2.1.1. Version control

Have you ever had the feeling that you want to make large scale changes to your code, but are afraid of breaking something? Has the thought crossed your mind that you could copy your source file or files to another directory, so that you have a backup in case something goes wrong?

If so then that’s perfectly normal. You might, however, imagine that if you were to work on a project for a longer time, say, several weeks, the number of backup directories would become difficult to have an overview of, and if you actually had to revert some changes from the past, it might be difficult to remember which directory contained which changes.

Version control systems (VCS) have been implemented to help solve these issues, as well as help developers collaborate on the same source code.

Version control systems have a long history, and I won’t go through all of that. Suffice to say, there are lots of different version control systems, and many developers have their own personal favourite.

This book will introduce the reader to one of the most useful ones, named git.
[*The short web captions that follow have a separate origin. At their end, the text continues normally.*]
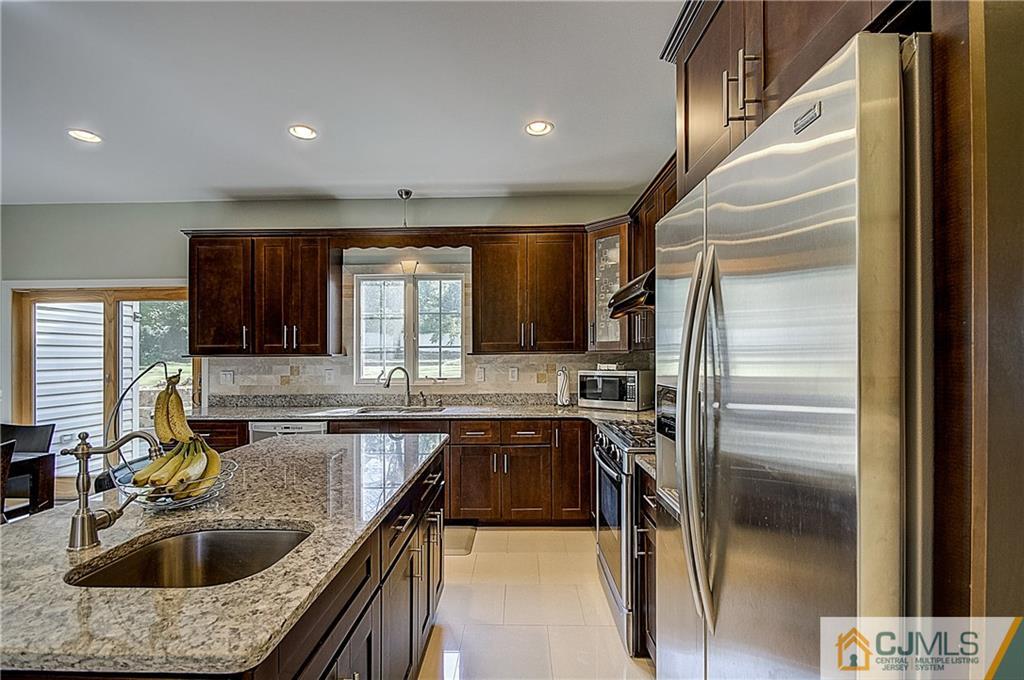 35 Williams Road Edison, NJ 08820 - Photo 15 of 47 a kitchen with kitchen island granite countertop a sink stainless steel appliances and cabinets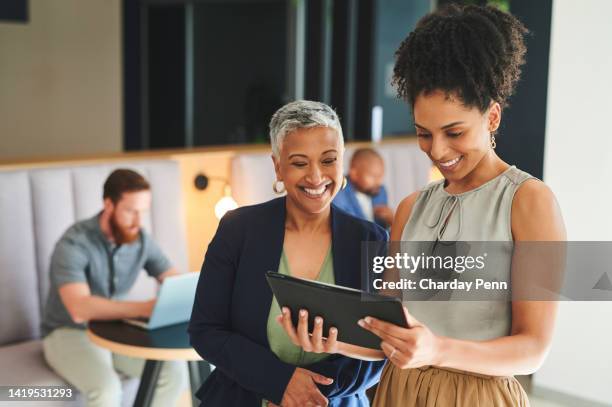 planning, strategy and development with a business woman and her female leader, manager or ceo talking with a tablet about company mission and vision. growth, development and teamwork in a startup - live stage stockfoto's en -beelden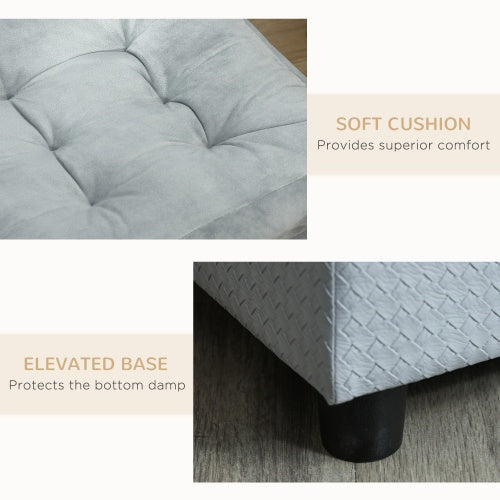 Gray cushion with elevated base on a neutral background, highlighting comfort and protection features.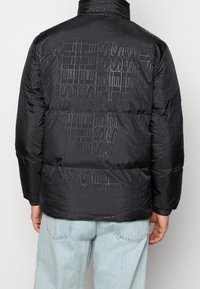 Czarna pikowana kurtka z wysokim kołnierzem, posiadająca błyszczący, fakturowany wzór. Materiał jest gładki i pikowany, o luźnym kroju.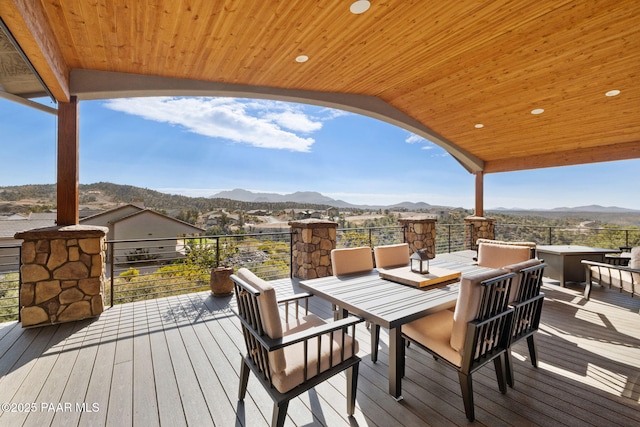 wooden deck featuring a mountain view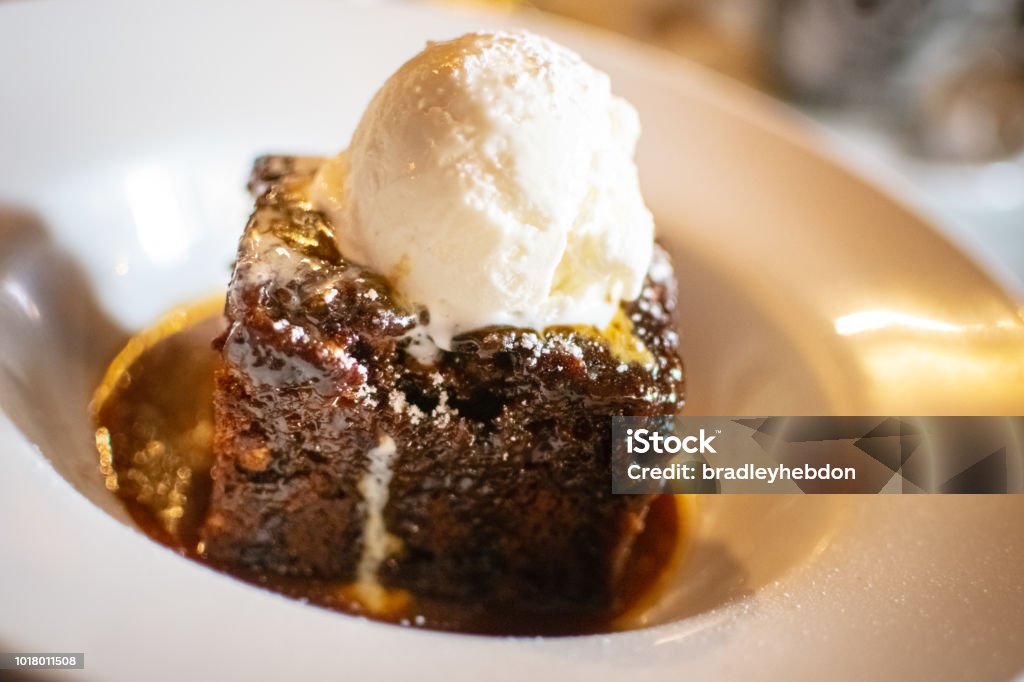 Sticky toffee pudding served with ice-cream Sticky toffee pudding is a British dessert consisting of a very moist sponge cake, made with finely chopped dates, covered in a toffee sauce and often served with a vanilla custard or vanilla ice-cream Mousse - Dessert Stock Photo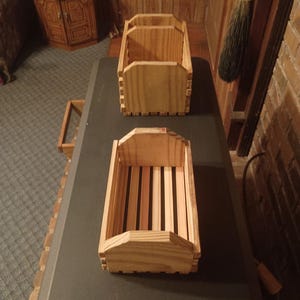 May include: Two rectangular wooden crates constructed from light-colored slats with vertical end panels featuring angled top corners. The crates have an open-top design with visible grain patterns and are arranged one behind the other on a surface.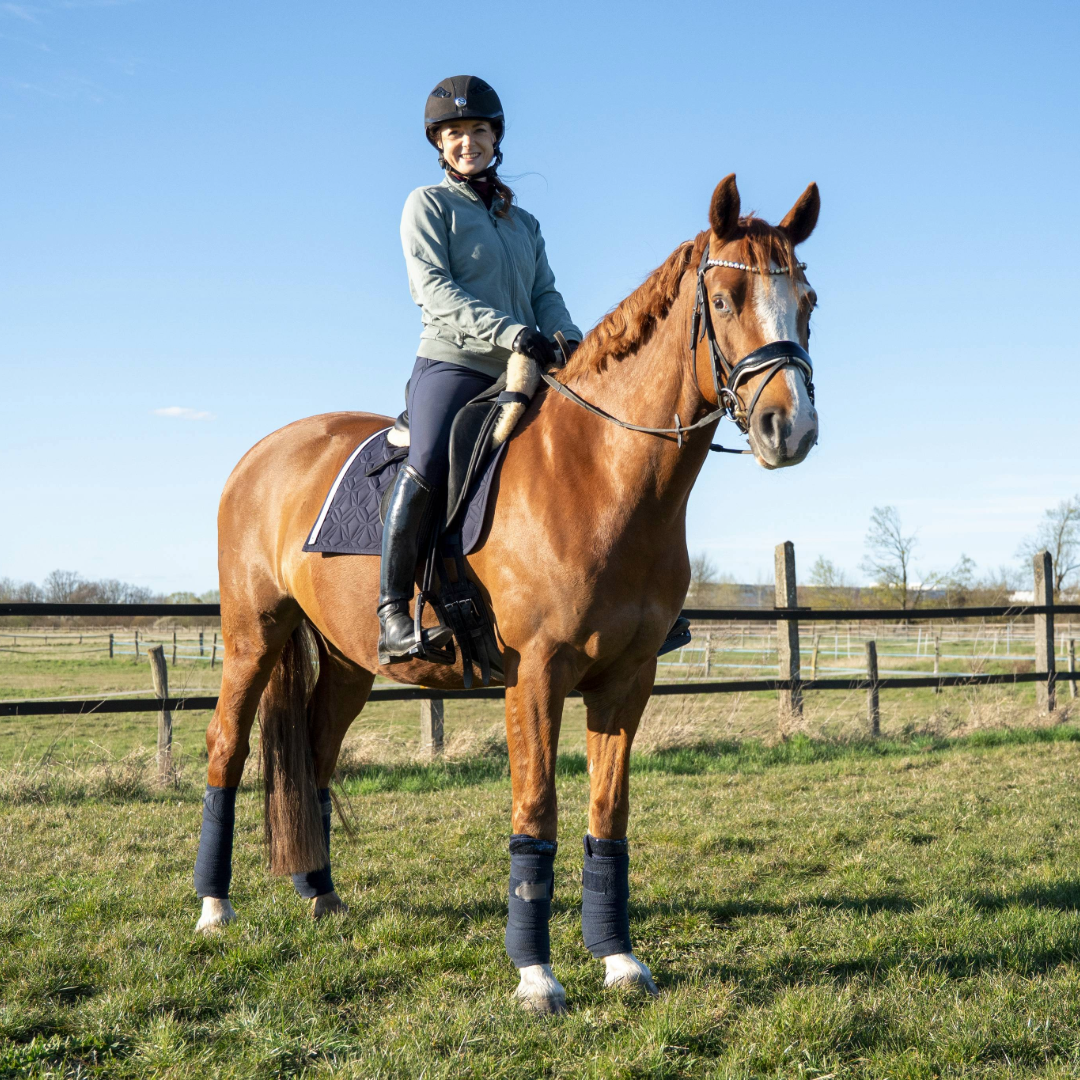 Blaue Dressur-Schabracke von ROSS KANI mit weißem Frühlingsband und Herz-Charm unter dem Sattel auf dem Pferd – stilvoller Look beim Reiten. Man sieht die Reiterin mit blauer Reithose auf dem Pferd.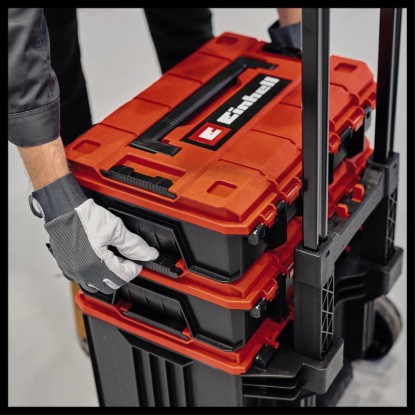 Einhell E-Case L systémový kufor na náradie s kolieskami, červeno-čierny, naskladaný na vozíku. Kufor na náradie na prepravu.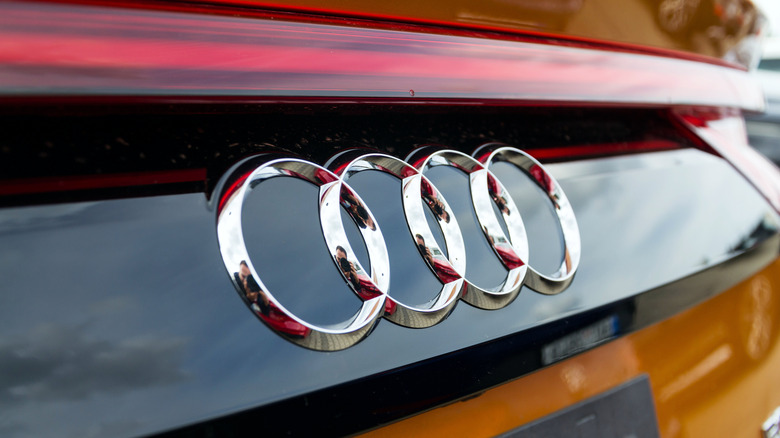 The Audi company logo on car.
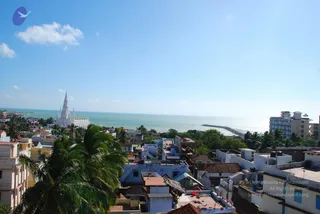 Elevated view over a coastal town toward the sea under a pale blue sky with scattered clouds. In the left middle distance a white church with tall spires rises above the rooftops, and palm trees fill the foreground. Flat-roofed houses in white, blue, cream and terracotta crowd the streets, with a breakwater jutting into the turquoise water on the right and a multi-storey white building beside it. No people, deities or ritual activity are visible.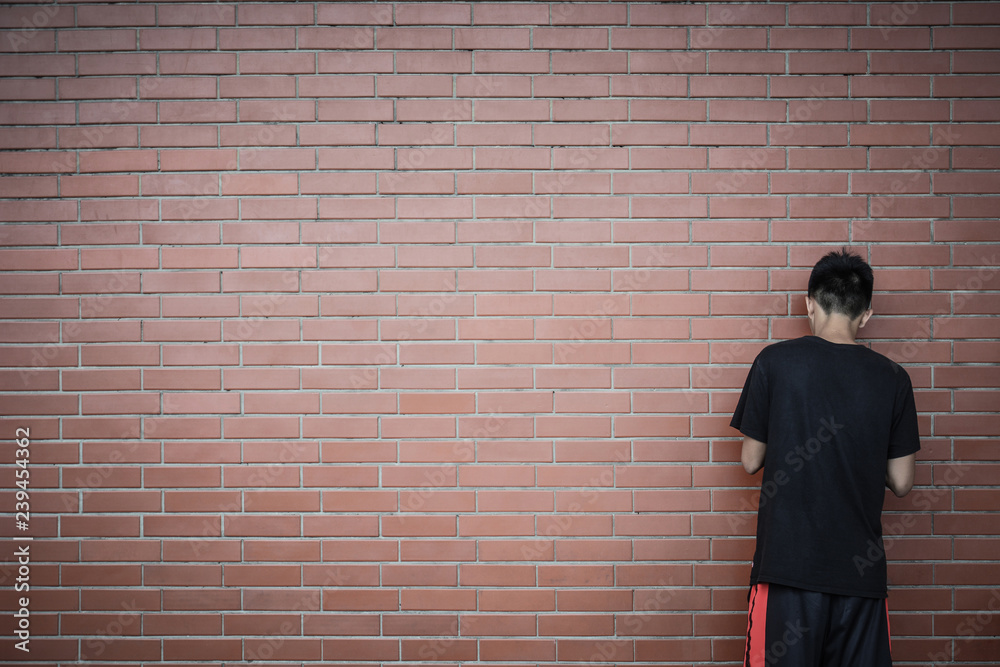 back view of teenage Asian boy standing in front of red brick wall  background, copy space, teenager problem concept Stock Photo | Adobe Stock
Git was originally developed in 2005 by Linus Torvalds for the Linux kernel development, and has since become one of the most widely used version control systems worldwide.

Git has several upsides, and a significant one is how it scales: it’s very practical to use in hobby projects of individual developers, but is also being used to version control some of the world’s largest source code repositories.

There is lots that can be learned about git; this book will cover the basic fundamentals.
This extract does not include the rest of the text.